Data to examine =>
---------------
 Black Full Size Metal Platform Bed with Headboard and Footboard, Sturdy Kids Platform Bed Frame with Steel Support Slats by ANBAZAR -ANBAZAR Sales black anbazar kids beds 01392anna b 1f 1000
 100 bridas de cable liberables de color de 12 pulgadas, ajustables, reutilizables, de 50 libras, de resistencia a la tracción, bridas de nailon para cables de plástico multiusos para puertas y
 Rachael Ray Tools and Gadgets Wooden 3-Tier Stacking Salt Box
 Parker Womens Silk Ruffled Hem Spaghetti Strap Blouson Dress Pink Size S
---------------
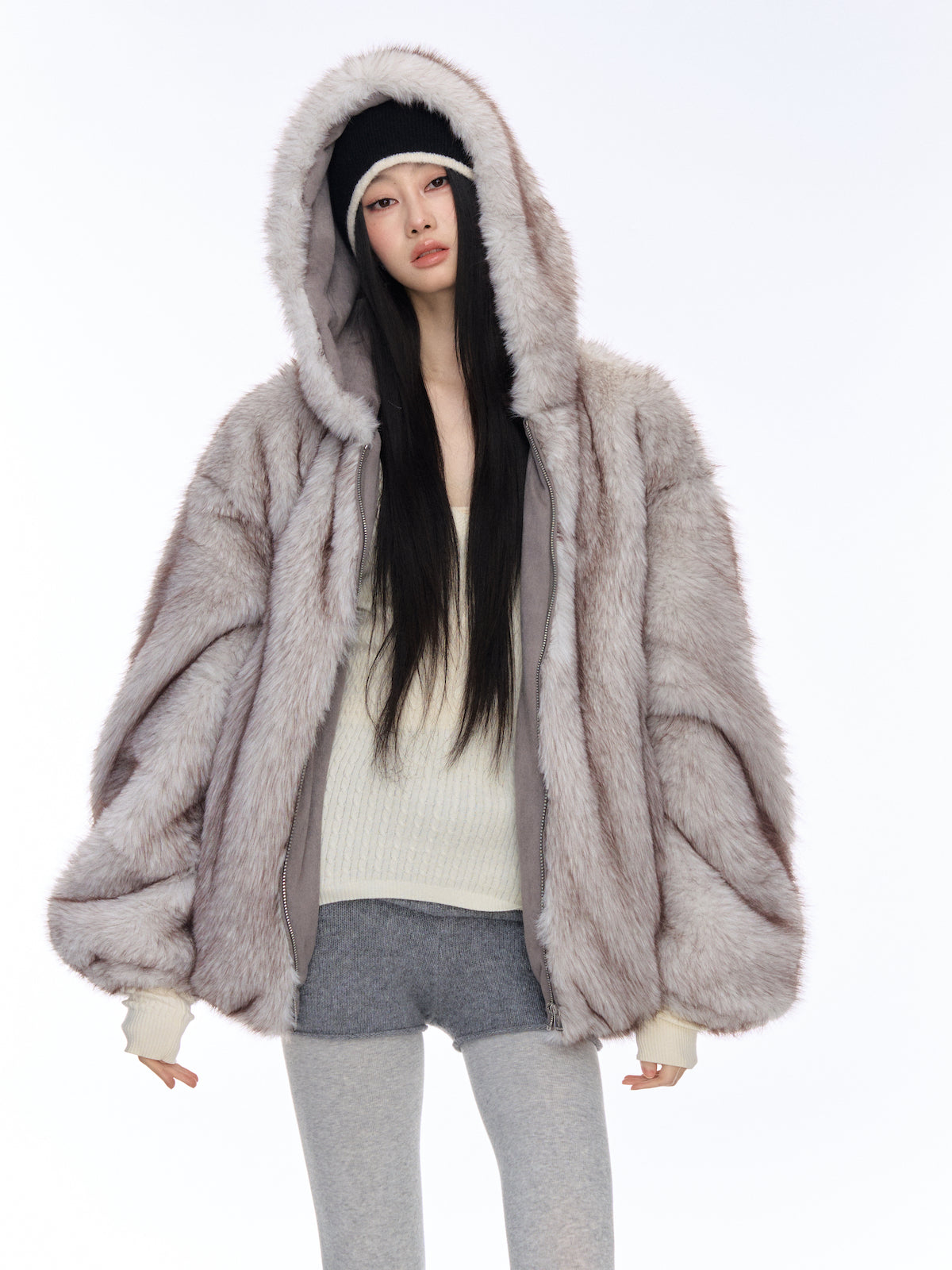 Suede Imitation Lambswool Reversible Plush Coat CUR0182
---------------
Problem requirements =>
In the entries, how many lines include the string "Size"? Only the number should be given.

Output of the exercise =>
2